D'un bond, je me suis levée, alors la batterie de ses 13 ans donnait ses premiers signes de faiblesse et qu'enfin elle s'endormait.
J'ai déjeuné sans appétit, nourrie par l'adrénaline qui lentement, prenait ses aises.
Ma grand-mère avait chauffé la salle d'eaux et préparé les serviettes qui tiédissaient près du soufflant.
Je pouvais prendre le temps de laisser l'eau bouillante détendre chacun de mes muscles et la vapeur dilater l'ensemble de mes pores, pour que la toilette soit plus efficace.
Ainsi nette et détendue, j'ai enfilé mon caleçon de grossesse et mon vieux pull Chipie cachant avec le temps jusqu'à la moitié de mes cuisses, et j'ai rejoint maman, Suzanne, Bérangère et Dorothée
dans la voiture.
Nous allions à la ville et ne devions pas nous égarer dans le temps.
Pendant que maman me confiait aux mains habiles et expertes de la coiffeuse, elle arpentait les rues de Carcassonne, à la recherche de l'accessoire de dernière minute.
Quand enfin à 13 heures, elle est revenue me chercher, j'étais prête de la tête au cou.
Inquiète par le retard pris sur la journée marathonienne, elles ont fini par m'avouer l'inavouable.
"En fait, on était presque arrivées à la maison qu'on s'est aperçues qu'on t’avait oubliée chez la coiffeuse, tu nous en voudras pas?
-Non, plus c'est gros, plus ça passe, allez, à table, j'en peux plus là.
-Comment tu vas manger avec le voile?
-Me débrouillerai, à la paille.
-Pour dépiauter une cuisse de poulet?"
Suzanne a pris un cliché rapide et flou de ma coiffe, j'ai avalé ma cuisse de volaille debout, dans la cuisine en travaux et suis montée achever mon déguisement de circonstance.
Quand je suis apparue en haut de l'escalier en chêne que mon grand-père avait voulu à son image, brut, sobre et solide, les premiers proches venaient d'entrer dans le hall. Ceux-là mêmes qui
m'avaient vue probablement à mes premières heures.
L'émotion devait être encore retenue quelques instants.
Dehors, sur la place, novembre connaissait une agitation anormale, malgré la pluie fine qui n'avait de cesse de faire reluire le paysage depuis l'aube.
J'entendais les premières conversations étouffées résonner contre les murs des bâtisses, perturbées par les 2 coups que la cloche de l'église rappelaient à l'assistance en effervescence que le
spectacle allait bientôt commencer.
Alors, seulement alors, papa m'a saisie par le bras, comme quand, petite, il voulait me mettre le nez au creux de ma bêtise. J'avais peine à régler mon pas sur le sien, c'était pour moi la première
fois que j'évoluais en jupon et talons.
J'ai répondu à une question évidente, à laquelle il a fait écho, devenant de fait mon Copilote.
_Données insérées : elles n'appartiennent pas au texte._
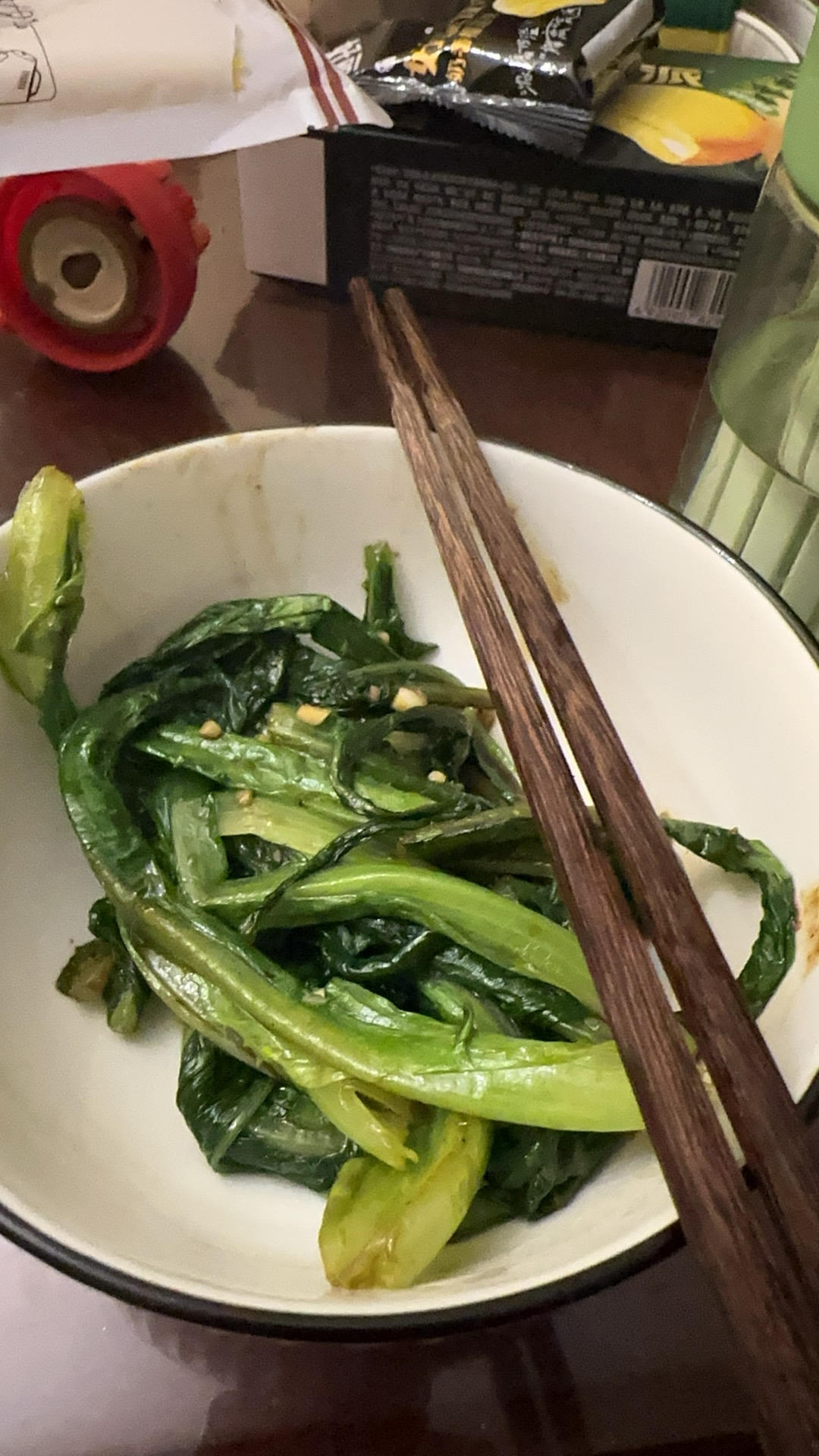 蒜蓉耗油清炒油麦菜，减脂快手菜，宝宝超爱，傻瓜步骤，屡试不爽，好吃且下饭，鲜香爽口！！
Les premiers flashes nous ont aveuglés, les premières larmes sont apparues au coin des yeux et surtout les sourires se sont faits unanimes.
Pressant moins le pas, papa et moi sommes allés certifier l'acte solennellement, entraînant dans notre sillage gris et blanc, assorti au ciel coléreux, un cortège plus bigarré mais toujours
hilare.
Et pendant que Dorothée, Rose, Bérangère et les autres se voyaient confier la tache de décorer les voitures, je demandais à Copilote d'accepter d'être mon écrou, un rayon de soleil a filtré un des
vitraux du lieu saint et est venu caresser le couple que nous étions en train de former "jusqu'à ce que la mort nous sépare".
L'assistance pour la plupart pieuse a pleuré au miracle, a applaudi des 2 mains et s'est ébranlée vers le pont de fer, histoire de se réchauffer.
Sous la pluie de riz encore à l'époque de tradition, sous les regards et les objectifs avides, et dans un brouhaha extraordinaire, Copilote et moi avons échangé notre premier baiser légitime et
béni.
Par 3 ou 4 fois, nous sommes restés sincères pour le rendu photographique de chacun.
C'était le samedi 14 novembre 1992.
Il y a 15 ans à peine.
Il y a 15 ans déjà.
Je viens d'apprendre que ce sont des noces de cristal.